Assume that I received a PDF book from a friend. I want to download the metadata. In Sente, I would drop the PDF to the library, Sente displays its Citation Lookup  dialogue box in which I will select the Title of the book and choose WorldCat.


The top 5 sources are the most important. The title of the book, “Italian Syntax…” is going to be automatically pasted in the WordCat. Now, look at the WordCat website.  gku8e

That Red Circle makes the insertion of reference so elegant. Clicking the red button populates the reference information. Worldcat gives a complete reference data; i rarely find a mistake. Note that these 5 sources can be expanded, if required. I used to have a large number of other sources including Stanford University.

Bookends has a similar feature. But, the implementation is inefficient because it is restricted to a few If I want to do the same in Bookends, the process is clunky and inefficient. The sources are not expandable that, if they don’t work for you, you will be stuck. The fact that I cannot grab references from the WorldCat database is really disconcerting to me because that is the number one source for me. All the references for books come from it. It gives the most complete metadata.


First, Bookends asks you to attach the PDF. You will get the citation window after  the PDF is attached. That is way step away. After you attach the PDF you will have the following window:


This is where I am frustrated. The part I marked with the big red rectangle is supposed to display the Title of  the book. But, it doesn’t. Therefore, if you have to put the title, you are supposed to do it manually. You have remember the title, or copy it before hand. That is strangely sluggish. Second, the sources at the right lower corner  are really useless to me.

Except Google Scholar, the rest are useless, really. I cannot modify or add a new engine either. So, I am stuck. The offer is Take it or leave it. You will be happy if you are a medicine student; fucked otherwise. Google Scholar is quite ok for articles. But, it is one of the most incomplete sources.

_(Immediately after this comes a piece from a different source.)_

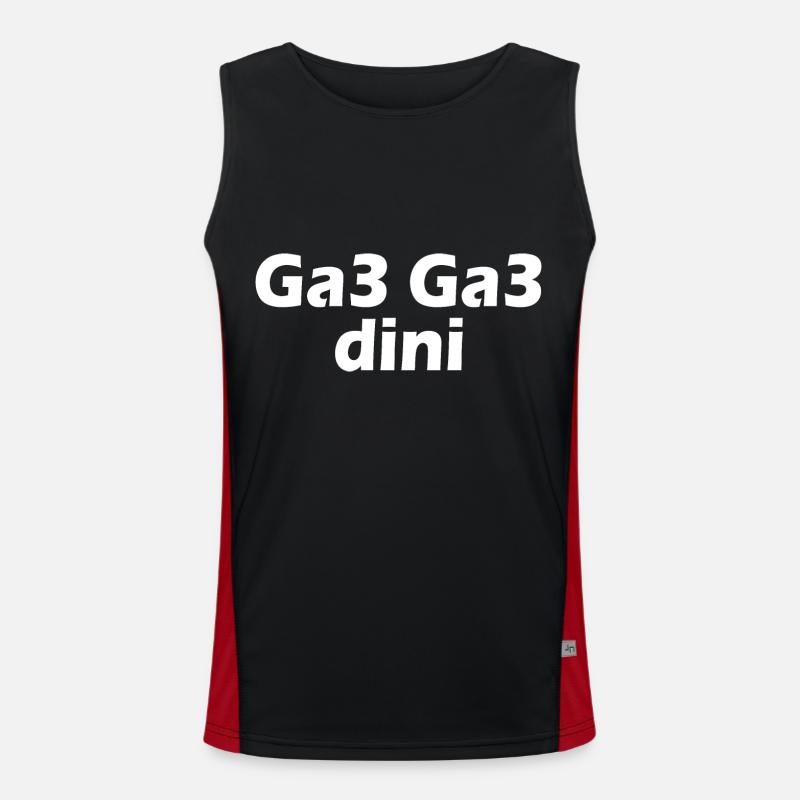Ga3 ga3 dini - Men's Functional Contrast Tank Top  - black/red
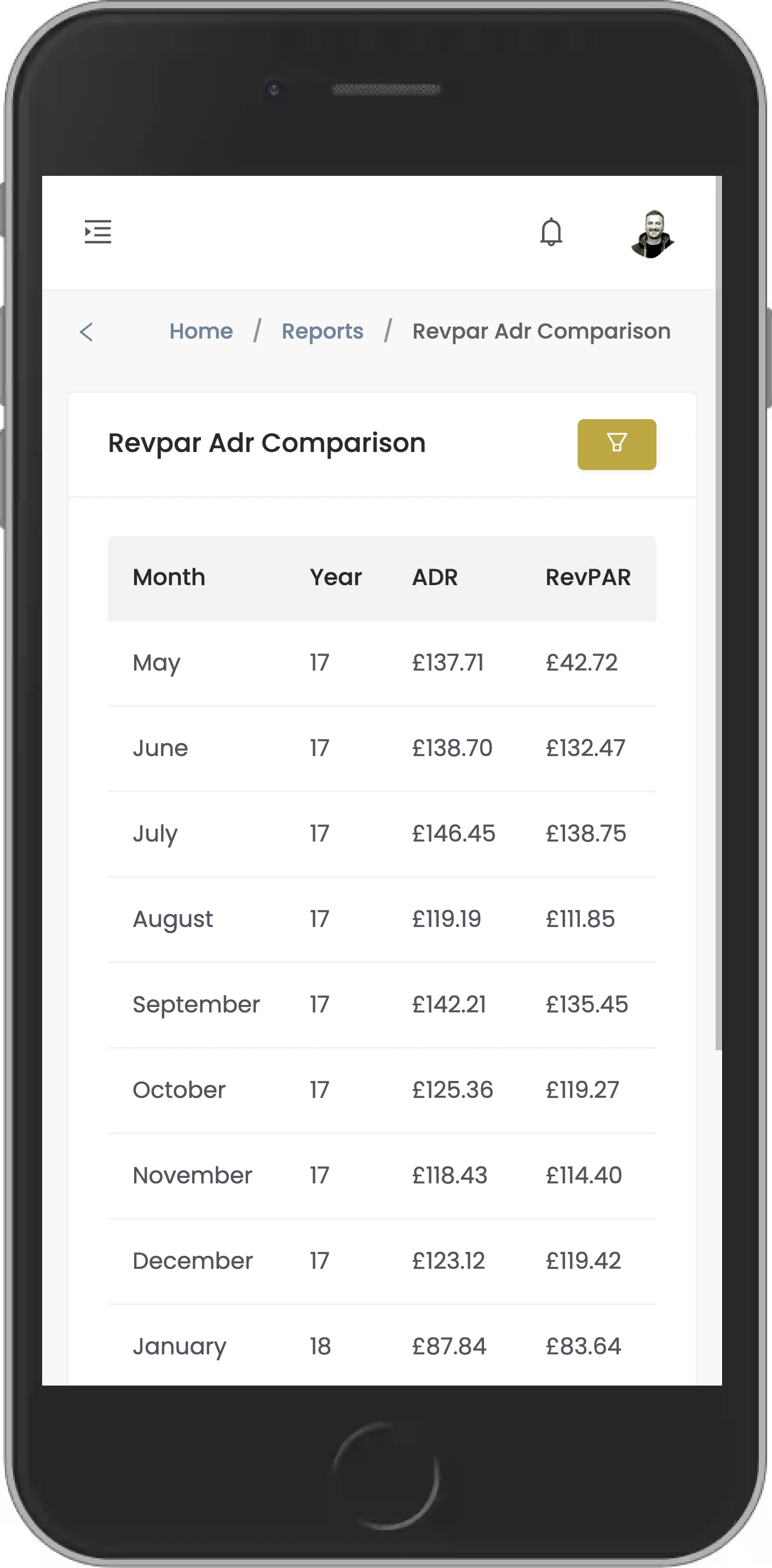Automated reporting view from the Merit Hotels revenue management platform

Bookends has another method of downloading references using an internal browser. But, I think that one is even worse. I put the title of an article; out of the total of 20 articles in google scholar, which Sente detected all of them, Bookends was able to detect just two.

All in all, I think Bookends is not really polished at downloading metadata.

The difference between Sente and Bookends might seem minimal here, from outside. But, for some one who will use the process thousands of times, even the tinies further step is one more pain. While I like many of the features of the application, I find it hard to adopt the app as my main reference manager  because of  this problem. So, I am contemplating either to stay with Sente to the last breath of the app, or check out other alternatives, Papers 3 probably.


2017-02-05: update

  • Now, Bookends has included further sources of data extraction. Now, I am now using Bookends as my main reference manager. Even if it has some weaknesses on the reading side, it turn out to be one of the most complete reference manager out there. I have noted my observations here.